Quelles mesures entendez-vous défendre dès cette rentrée ?
Le Sénat essaye depuis des années, par différents amendements, d’influer sur le budget du ministère des Sports. Malheureusement, les avancées portées par le Sénat sur ce sujet n’aboutissent pas à l’Assemblée nationale. Le gouvernement n’a donc pas suivi les recommandations du Sénat sur la hausse du budget accordé au sport. C’est donc un sujet sur lequel nous allons continuer à nous battre à l’occasion de cette rentrée, tout comme celui concernant l’avenir des CTS. Enfin, nous allons discuter autour du projet de loi Sport et Société, que nous attendons depuis deux ans. Nous attendons ce texte afin de pouvoir apporter les corrections nécessaires si le texte ne répond pas aux attentes sur des sujets forts comme le sport santé, le sport à l’école ou encore le sport en entreprise.
 
Selon vous, l’État est-il capable de changer son fusil d’épaule ? Ou a-t-il prouvé que le sport n’est pas l’une de ses priorités ?

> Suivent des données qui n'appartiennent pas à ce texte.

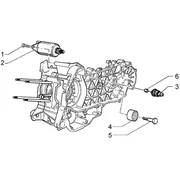 Démarrage électrique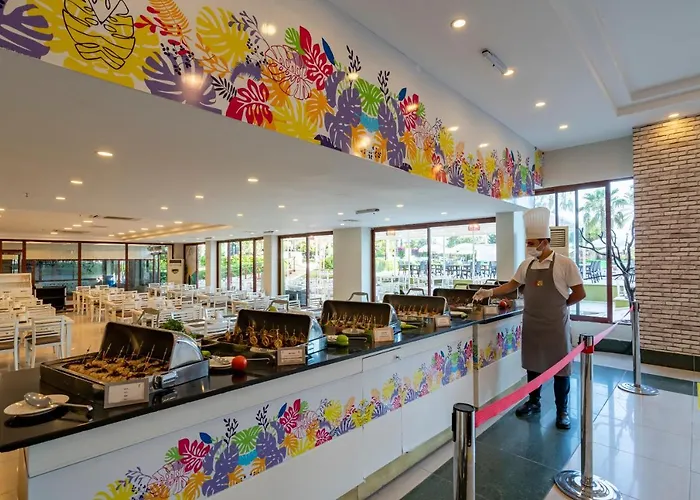 Miarosa Incekum 5* Аланія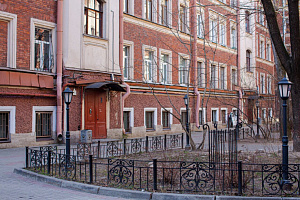 &quot;Like Home Apartments&quot; 3х-комнатная квартира в Санкт-Петербурге 36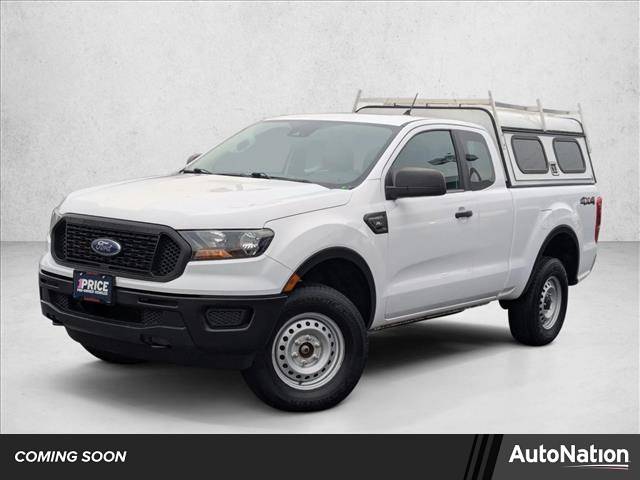 2020 Ford Ranger XL — Pickup Truck — 107,777 mi — Northglenn, CO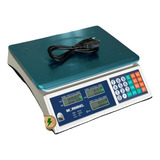 Balança Eletrônica Digital 40 Kg Bivolts 110v/220 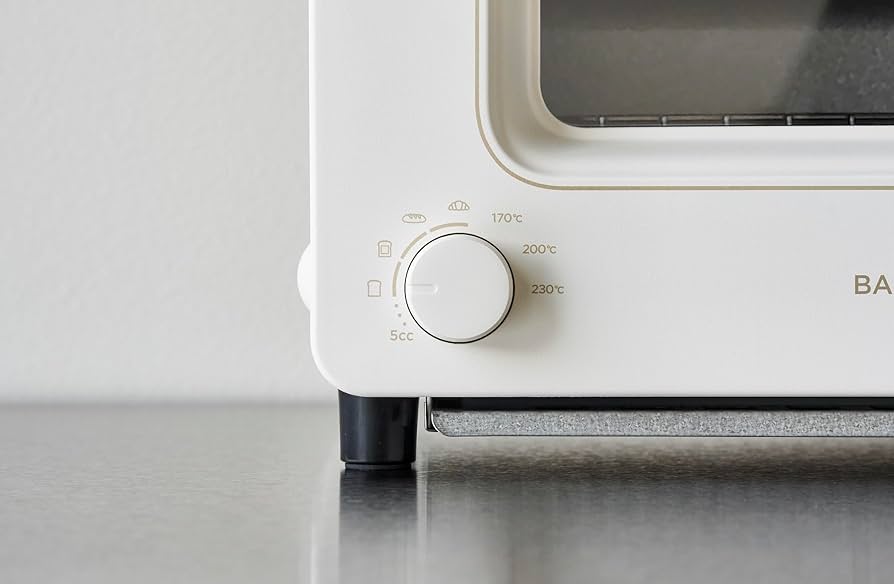 Amazon | バルミューダ ザ・トースター スチームトースター ホワイト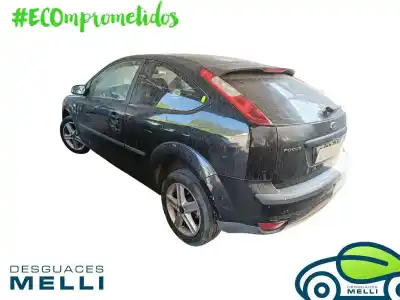 Утилизация автомобиля ford focus berlina (cap) ambiente (d) года 2001 питание hhda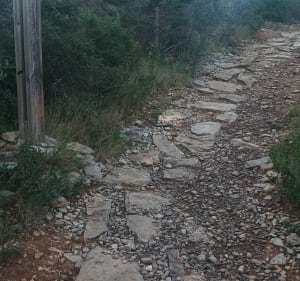 Massif de la Gardiole - Balaruc-le-Vieux - 2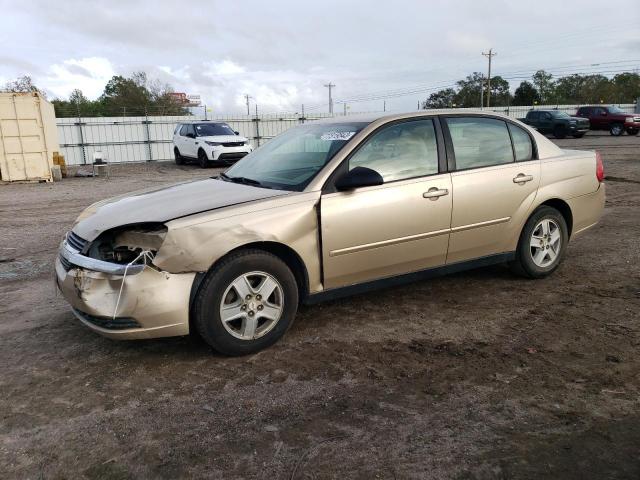 chevrolet malibu 2004 1g1zt52834f107070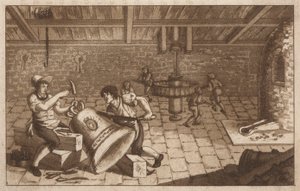 Bellmaking by European School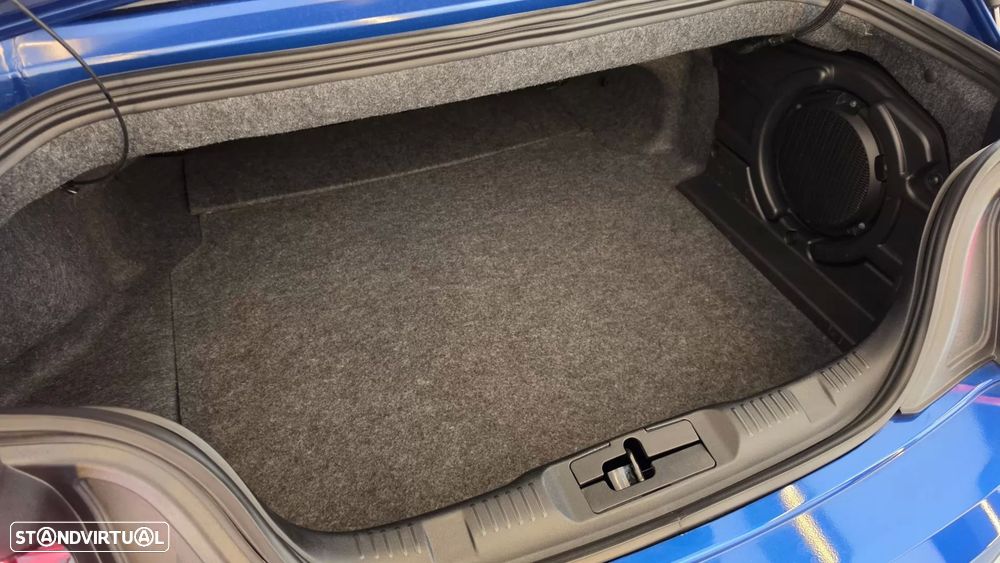 Ford Mustang Cabrio 2.3 Eco Boost - 25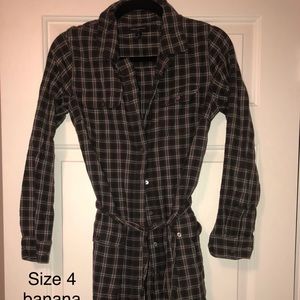 Size 4 banana republic dress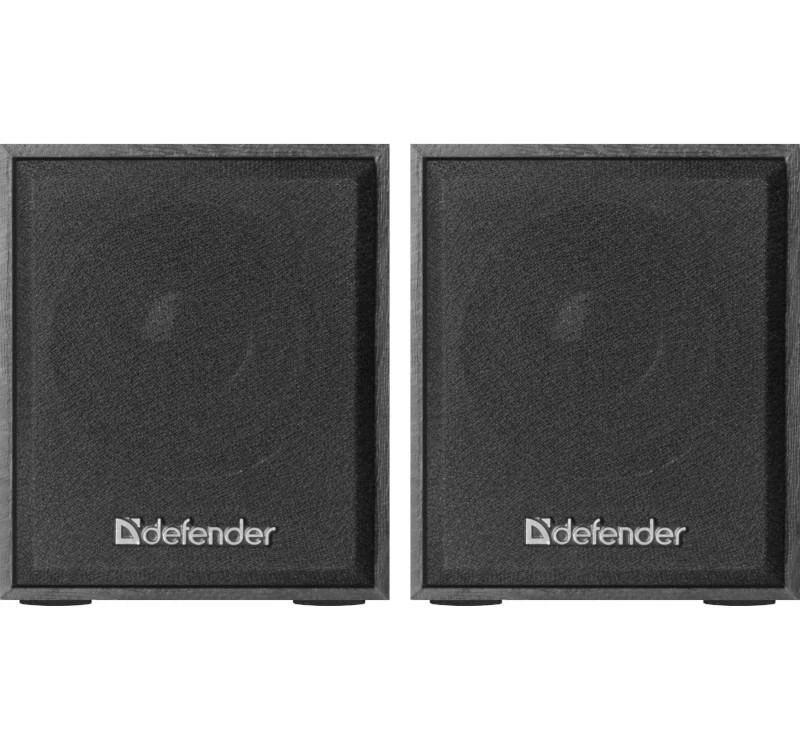 Kompiuterio kolonėlės DEFENDER 2.0 Speaker System 2x2W RMS, SPK230, 65223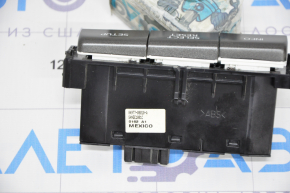 Toyota Sienna 11-14 Monitor Control Buttons Graphite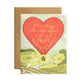 Anniversary Balloon Greeting Card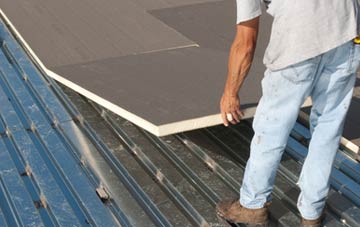 benefits of insulating West Chiltington Common flat roofing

Les actes de l’État montrent en tout cas que le sport ne passe pas au premier plan. Mais de mon côté, je continuerai à me battre afin de montrer que le sport doit être une priorité au niveau national. L’État évoque régulièrement les valeurs du sport, mais très peu de moyens sont mis en place afin de permettre au sport de grandir et de mettre en place une vraie politique. Si tout le monde reconnaît les bienfaits de la pratique du sport dans ce pays, il faut désormais que l’on s’en donne les moyens. Aujourd’hui, nous avons un Premier ministre qui a dirigé l’Agence nationale du sport. J’ose espérer qu’il aura à cœur de défendre les intérêts du sport et d’entendre notre message d’alerte.